重点商材である「GMOトラスト・ログイン」「GMOサイン」は、ともに売上が前年同期比で30パーセント近く増加しました。当社の成長を支えるサービスが、着実に力をつけていることを示す結果です。

第1四半期は、売上高、利益、重点サービスの成長のいずれにおいても非常に好調なスタートとなりました。

2040年、信頼できる社会インフラ企業へ

最後に、当社が目指す未来についてお話しします。

当社は2040年に向けて、あらゆるつながりに信頼が組み込まれる社会の実現を目指しています。

人と人、企業と企業、AIと人、物とシステムなど、これからの社会ではあらゆるものがデジタルでつながっていきます。その際に最も重要となるのは、相手が本当に正しい相手なのか、その情報が本物であるのか、その行動が正式に承認されたものなのか、すなわち「信頼」です。

人や企業、AIや物が正しい相手かどうかを自動で判断しながら、安全につながれる社会。国境や業界を超えて共通のデジタルIDが整い、どこにいても誰とでも安全につながれる社会。

AIやロボットも信頼できる存在として、人とともに社会を支えていく社会。そして、認証や証明が意識されないほど自然に生活やビジネスに溶け込んでいく社会。
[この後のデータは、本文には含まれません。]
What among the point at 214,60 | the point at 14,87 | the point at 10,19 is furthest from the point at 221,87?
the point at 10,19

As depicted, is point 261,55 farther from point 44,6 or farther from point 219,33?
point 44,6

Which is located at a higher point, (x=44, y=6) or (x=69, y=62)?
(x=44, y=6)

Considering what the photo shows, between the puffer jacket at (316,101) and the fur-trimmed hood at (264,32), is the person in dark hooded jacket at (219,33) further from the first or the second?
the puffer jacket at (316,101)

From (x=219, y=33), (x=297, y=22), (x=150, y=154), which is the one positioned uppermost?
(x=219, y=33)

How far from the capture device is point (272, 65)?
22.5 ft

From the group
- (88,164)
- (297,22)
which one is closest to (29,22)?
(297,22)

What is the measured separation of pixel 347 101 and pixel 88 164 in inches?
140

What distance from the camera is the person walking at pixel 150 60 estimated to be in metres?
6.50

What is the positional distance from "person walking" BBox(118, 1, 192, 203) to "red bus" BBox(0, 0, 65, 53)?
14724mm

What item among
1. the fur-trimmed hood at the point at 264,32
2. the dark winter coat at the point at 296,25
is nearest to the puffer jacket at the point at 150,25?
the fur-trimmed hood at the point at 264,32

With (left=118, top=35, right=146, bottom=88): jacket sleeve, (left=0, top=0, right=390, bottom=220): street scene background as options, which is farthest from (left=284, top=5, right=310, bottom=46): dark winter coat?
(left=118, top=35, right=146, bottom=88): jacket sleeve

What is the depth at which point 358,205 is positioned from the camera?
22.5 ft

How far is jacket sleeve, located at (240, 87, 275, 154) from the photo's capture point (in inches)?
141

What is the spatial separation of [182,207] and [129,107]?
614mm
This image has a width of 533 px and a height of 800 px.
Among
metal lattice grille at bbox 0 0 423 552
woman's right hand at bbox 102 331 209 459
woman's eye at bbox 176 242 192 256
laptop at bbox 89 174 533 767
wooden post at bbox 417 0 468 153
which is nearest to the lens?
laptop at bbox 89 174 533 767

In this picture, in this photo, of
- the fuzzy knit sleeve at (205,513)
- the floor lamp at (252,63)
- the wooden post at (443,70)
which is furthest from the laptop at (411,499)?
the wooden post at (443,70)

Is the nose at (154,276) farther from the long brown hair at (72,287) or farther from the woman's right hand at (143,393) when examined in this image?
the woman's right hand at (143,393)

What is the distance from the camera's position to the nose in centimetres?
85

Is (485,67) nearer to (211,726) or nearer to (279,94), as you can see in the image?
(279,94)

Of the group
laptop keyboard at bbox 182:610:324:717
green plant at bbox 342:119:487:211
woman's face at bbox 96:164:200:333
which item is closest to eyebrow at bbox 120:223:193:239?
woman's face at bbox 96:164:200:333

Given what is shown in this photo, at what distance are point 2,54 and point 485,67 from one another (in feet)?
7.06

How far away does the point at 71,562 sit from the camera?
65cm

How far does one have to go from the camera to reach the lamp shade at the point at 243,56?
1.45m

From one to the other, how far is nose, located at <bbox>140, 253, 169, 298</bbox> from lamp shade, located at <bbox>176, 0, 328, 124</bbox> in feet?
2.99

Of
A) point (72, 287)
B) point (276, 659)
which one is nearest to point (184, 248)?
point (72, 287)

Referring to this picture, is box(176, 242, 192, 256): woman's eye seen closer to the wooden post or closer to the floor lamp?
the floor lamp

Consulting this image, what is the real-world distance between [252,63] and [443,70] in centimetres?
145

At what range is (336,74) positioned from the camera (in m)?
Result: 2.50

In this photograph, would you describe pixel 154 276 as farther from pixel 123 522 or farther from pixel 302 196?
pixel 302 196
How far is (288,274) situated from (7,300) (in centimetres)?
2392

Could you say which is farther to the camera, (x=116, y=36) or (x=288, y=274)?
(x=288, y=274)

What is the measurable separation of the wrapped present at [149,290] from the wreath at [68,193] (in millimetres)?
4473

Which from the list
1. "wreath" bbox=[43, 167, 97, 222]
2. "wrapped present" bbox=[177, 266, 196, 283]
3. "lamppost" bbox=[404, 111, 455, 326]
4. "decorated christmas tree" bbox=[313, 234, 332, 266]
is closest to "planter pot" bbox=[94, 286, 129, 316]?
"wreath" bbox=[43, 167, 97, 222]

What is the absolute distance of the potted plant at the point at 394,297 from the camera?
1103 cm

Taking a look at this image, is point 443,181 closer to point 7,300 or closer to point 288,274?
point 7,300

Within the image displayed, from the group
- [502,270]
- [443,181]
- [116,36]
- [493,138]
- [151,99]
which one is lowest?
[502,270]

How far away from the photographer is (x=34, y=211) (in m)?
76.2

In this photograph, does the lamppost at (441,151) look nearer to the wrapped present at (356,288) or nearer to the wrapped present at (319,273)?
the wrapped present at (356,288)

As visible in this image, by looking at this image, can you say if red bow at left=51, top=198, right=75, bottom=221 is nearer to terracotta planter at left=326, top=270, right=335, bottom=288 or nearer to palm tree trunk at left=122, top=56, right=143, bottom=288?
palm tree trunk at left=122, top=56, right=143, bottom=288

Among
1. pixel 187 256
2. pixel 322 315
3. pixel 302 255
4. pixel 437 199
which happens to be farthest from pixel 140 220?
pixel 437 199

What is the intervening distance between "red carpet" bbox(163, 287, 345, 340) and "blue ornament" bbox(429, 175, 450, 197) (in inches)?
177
これらの社会においては、企業にとって「信頼の見える化」こそが新しい企業価値の基準となっていきます。

当社のビジョンは、「信頼を設計し、世界をつなぐ。」です。このビジョンの実現に向けて、私たちは技術とサービスを通じて社会課題を解決し、信頼に満ちた社会インフラを構築していきます。そして、世界No.1の信頼インフラ企業を目指していきます。

コトをITで変えていく。

以上をもちまして、2026年12月期第1四半期決算についてのご説明を終了します。

「コトをITで変えていく」、GMOグローバルサイン・ホールディングスを、引き続きよろしくお願いします。本日はご参加いただき、誠にありがとうございました。